I also realised it’s a mistake to see LinkedIn as a purely online network. Williams top “social selling” tip is to stop selling. “In a social meeting that’s the last thing you would do,” he said. Far better to make the connection (and ideally not with random strangers), build trust, and ideally talk on the phone or meet up.
He also advised against changing your profile picture too often, likening it to your corporate identify or brand logo (which most successful companies change rarely).
I currently have just one recommendation on LinkedIn, and I reciprocated immediately by recommending that person back. This is not good, says Williams, since it looks as if two friends have “done a deal” to recommend each other. Procrastination is LinkedIn’s enemy. You agree to recommend someone, and only get round to doing it last thing on a Friday, when nobody is looking. Far better to do it in the morning or at lunchtime.
And unlike TripAdvisor and Amazon recommendations, a LinkedIn recommendation can be from someone you know and whose opinion you trust. This makes it infinitely more valuable if you’re hiring someone’s services.
Williams described “endorsements” as a less credible version of recommendations, and an example of how the network mixed up terminology. It certainly boosts engagement on the site. When I first started receiving these a few weeks back, I started visting more often, which is probably what LinkedIn had in mind.

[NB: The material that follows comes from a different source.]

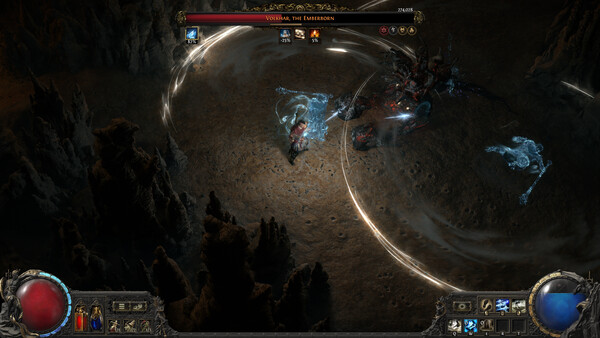 Path of Exile 2: imagem 4 de 8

Finally, LinkedIn has more than a million groups, but almost all of them have engagement levels of around 2%. Growing memberhip and engagement levels is hard work. This is perhaps best illustrated by searching LinkedIn for doctor entrepreneurs (the subject of a separate blog by Richard Smith this week, who feels strongly that we need more of them.) Yes, there is a LinkedIn Group, but it has just five members.